A String of Luck?

In my neverending quest to find out the truth about the Stroke theory, my lovely wife Sina the other night had a splendid idea. Up to now I’d always tried to dissect the existing ciphertext into the hypothetical “syllables” (which, as the theory goes, compose the ciphertext, with each “syllable” of between one and four ciphertext characters representing the strokes with which one of the plaintext letters would have been drawn); a question not unrelated to the knapsack problem, and equally difficult to treat, especially in view of the fact that we can’t even be sure about the ciphertext character repertoire.

Now, Sina’s idea was not to look for the smallest building blocks which make up the VM, but to large ones. The idea being that long identical sequences of plaintext letters would result in long identical sequences of ciphertext.

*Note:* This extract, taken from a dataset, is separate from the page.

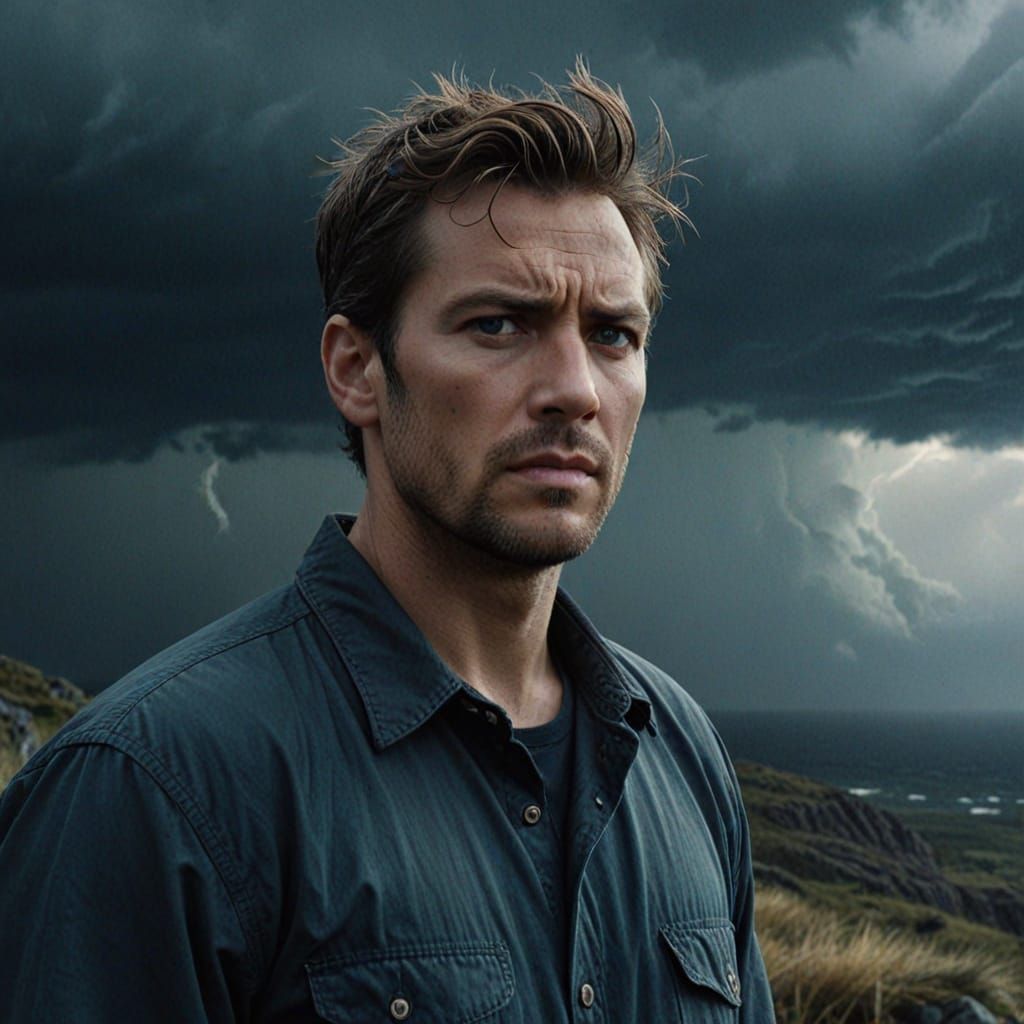 Man Faces Raging Storm on Precipice in Dramatic Digital Art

Of course, this is easier said than done, if you know neither the plaintext nor even the plaintext language. But one can try to make reasonable guesses und bludgeon them to death by number crunching. For example, it’s not unreasonable to assume the plaintext language to be Latin, especially if we start with the idea that the VM might be a “late fake.” Then, the first step is to run a sufficiently large Latin plaintext through a little program and check for characteristic sequences.

Doing so for Caesar’s “De bello gallico” renders a few suspicious features (like a large number of “Caesar”s), but also some promising ones. To name the first which caught my eye, the most frequent three-letter string in “De bello gallico”, after tossing aside all whitespace and punctuation, is “ere”. (In plaintext of roughly 150k, it shows up 850 times.) This is useful, because the first and the third letter are the same, which makes it easier for us to look for a corresponding ciphertext sequence. So, for example, if plaintext “e” translates into the stroke sequence [Q1], and “r” into [Q2], there ought to be a correspondingly frequent ciphertext sequence [Q1][Q2][Q1], the only problem being that we know neither the length of [Q1] nor of [Q2].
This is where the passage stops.